Es extraño esto de las relaciones humanas. A veces estás con alguien todos los días y sientes que no le conoces, y otras no has visto nunca a otra persona y sientes que la conoces de toda la vida. Lo primero suele ser algo más común que lo segundo, que solo suele ocurrir con personas que salen habitualmente en los Medios de Comunicación. Y eso es lo que a mí me ha pasado con José Pinto.
He de decir que solo lo he visto en persona en una ocasión, durante la entrevista en directo que la televisión local le hizo las pasadas Ferias en la Plaza de los Bandos. Lo que sé de él, es todo lo que llevo viendo desde hace mucho tiempo en toda la prensa, y lo que me ha contado mi amiga Ana Esther Méndez, la periodista que precisamente le estaba entrevistando ese único día que lo vi.
Nunca tuve la oportunidad de conversar con él, aunque es algo que me hubiera encantado hacer, porque era una persona interesante, una de esas personas que dan energía, que aportan cosas positivas, de las que no tienes ganas de parar de charlar nunca porque saben de todo. Una de esas personas de las que no hay muchas.
Siempre me llamaron la atención varias cosas de él. En primer lugar, su sonrisa, la permanente sonrisa que siempre tenía, y que parecía estar tatuada en su cara. Pero además de eso, la normalidad con que llevaba lo famoso en que se había convertido, demostrando que cuando una persona desconocida empieza a salir mucho en la televisión puede seguir siendo igual de humilde de lo que lo era antes, y eso lo era bastante.
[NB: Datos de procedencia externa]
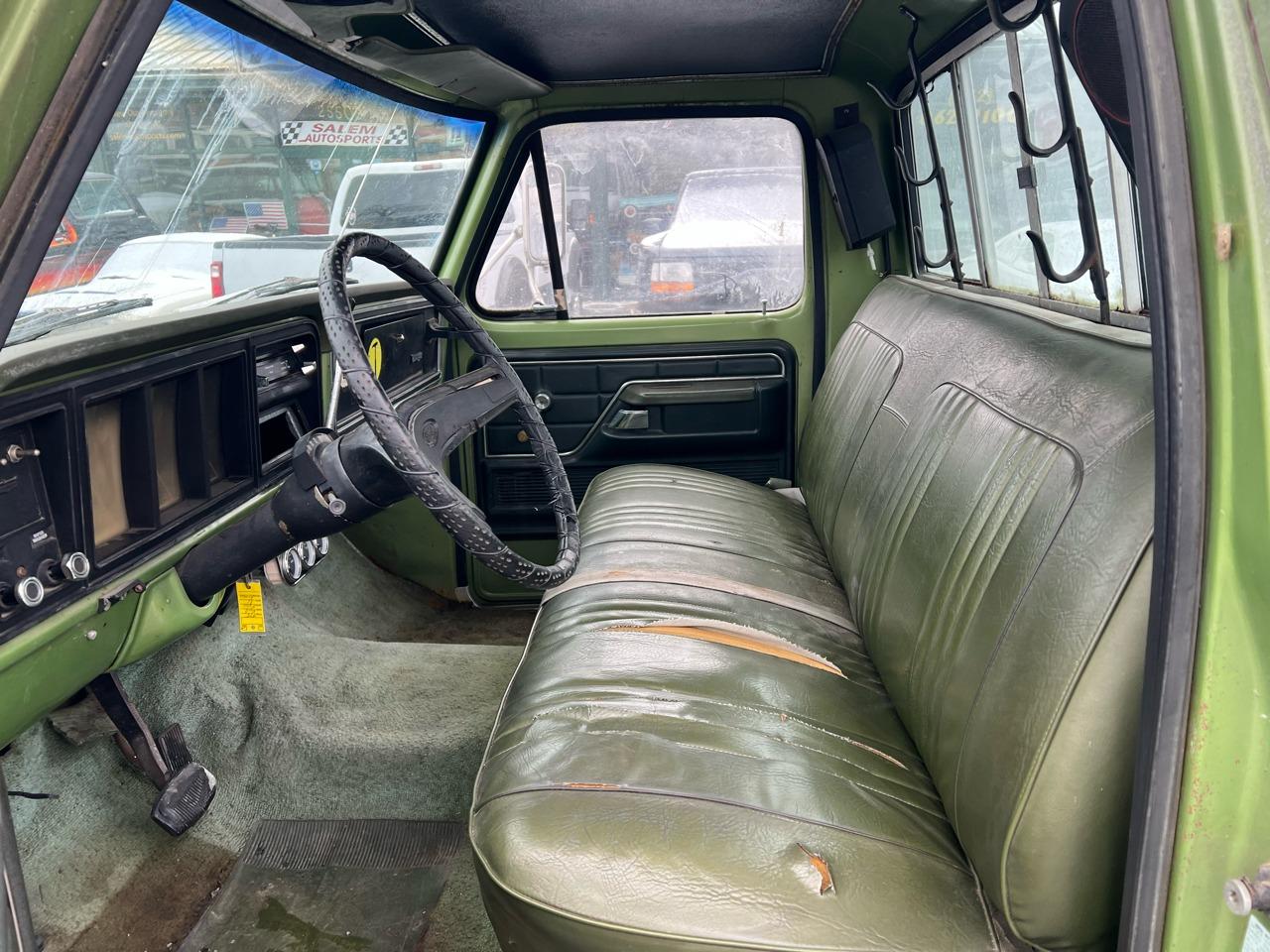 1975 Ford F-350 Ranger Camper Special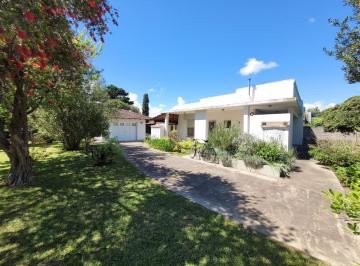 Casa · 290m² · 3 Dormitorios · 7 Cocheras · Casa en Venta City Bell 2 Dorm. Casa Huéspedes 1 Dormitorio Lote 2500 m²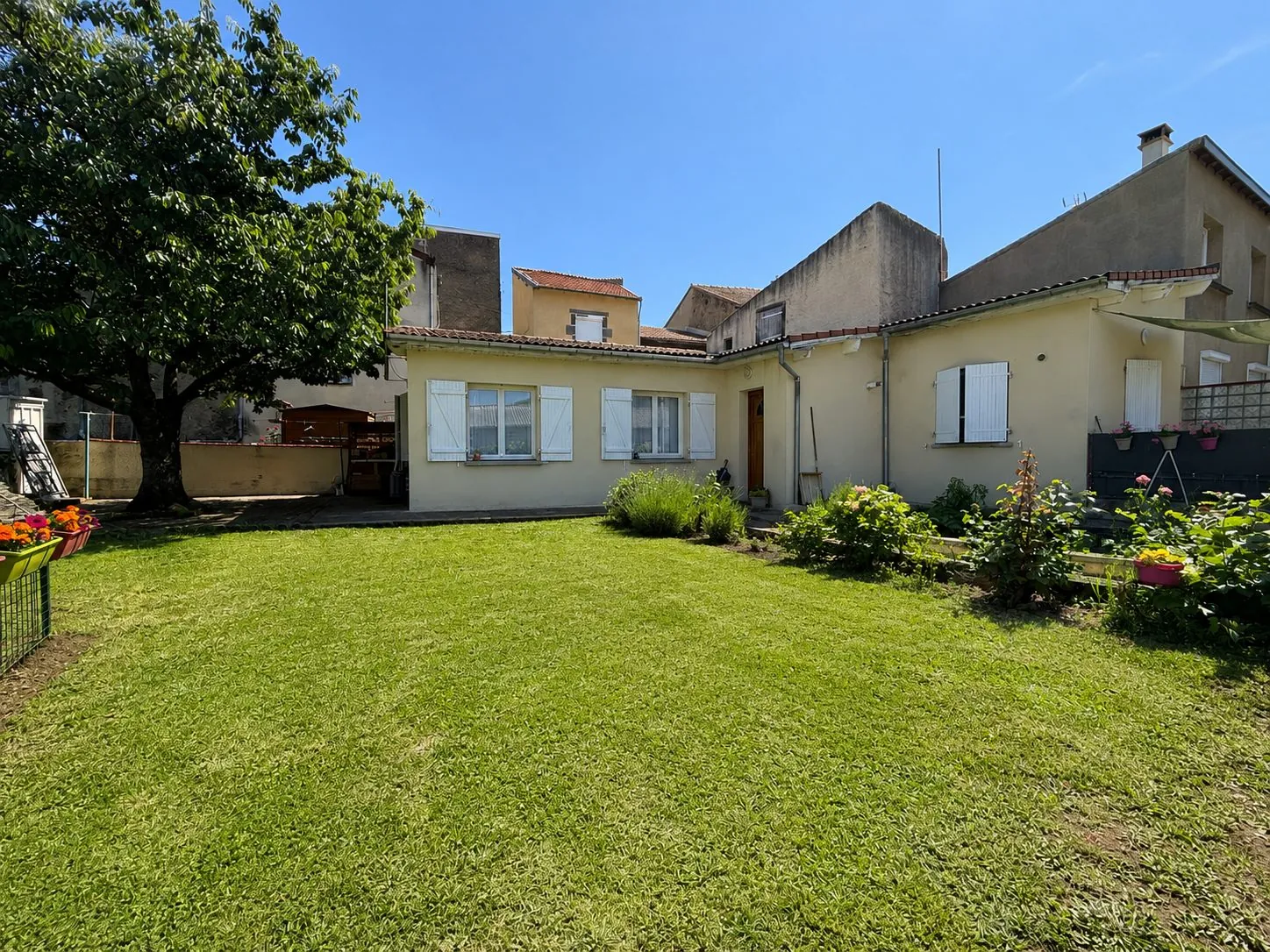 Superbe maison familiale de 100 m² à Volvic avec jardin et terrasse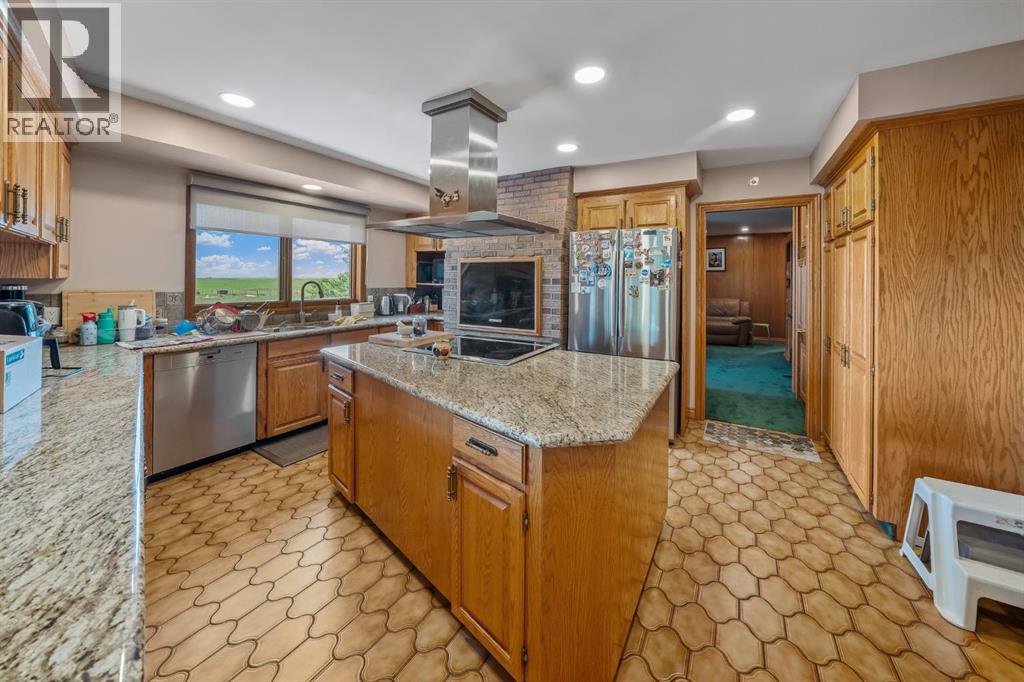 285021 Township Road 252 - 19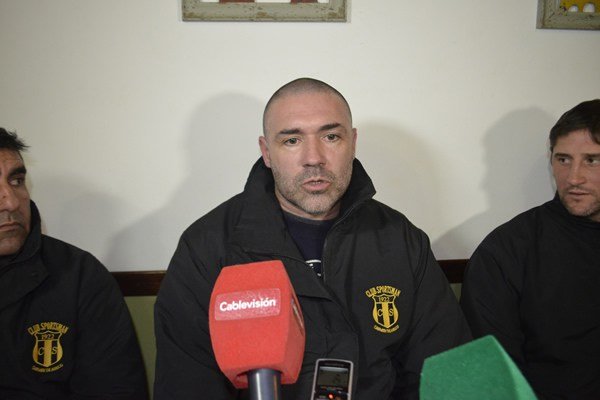 Pontiroli: “Todos los que van a Chivilcoy sufren sucesos muy raros”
También me sorprendía su sencillez, su bondad y lo bien que trataba a todo el mundo. Pero sobre todo que estuviera siempre dispuesto a ir a todos los sitios a los que le llamaban, y a conceder todas las entrevistas que le pidieran, porque eso es regalar tu tiempo, y el tiempo es lo más preciado que tiene una persona.
José Pinto era profeta en su tierra, con lo difícil que es eso. Desde hacía tiempo se había convertido en su persona más popular, más conocida y más querida. Sin quererlo se había convertido en el embajador de Salamanca. En esa persona que tus paisanos ven con orgullo y admiración, y sin necesidad de ser futbolista ni actor, con lo más difícil todavía que es eso otro. Era ese espejo en el que los padres queremos que se miren nuestros hijos, lo que queremos que algún día lleguen a ser, alguien trabajador, culto y tan encantador como lo era ese hombre.
Y así, sin avisar, se ha ido, pero dejando un último mensaje: que la vida pasa, y que hay que vivirla haciendo lo que se quiere de verdad con quien se quiere de verdad, porque un día cuando menos te lo esperas se acaba, así, sin esperarlo, y si por lo menos has vivido la vida que querías te vas con la conciencia tranquila, como estoy seguro que se ha ido él, porque esa eterna sonrisa, solo la tiene quien vive feliz cada día.
Con todo esto yo me he dado cuenta de que se puede querer a alguien sin conocerlo, porque realmente he sentido su muerte como si se tratara de una persona de mi familia. Algo que creo que le ha pasado igualmente al resto de salmantinos.
Que la tierra te sea leve, amigo. Y sí, sin conocerte te considero mi amigo, porque lo es quien te aporta cosas en la vida, y tú me las has aportado. Son esas extrañas relacionas humanas que nos plantea la vida, la que tanto me gusta vivir, y con la que hoy estoy enfadado, porque personas como tú no deberían irse tan pronto, todavía te quedaba mucho por aportar a los demás.
Salamanca te llora, José, y nunca te olvidará.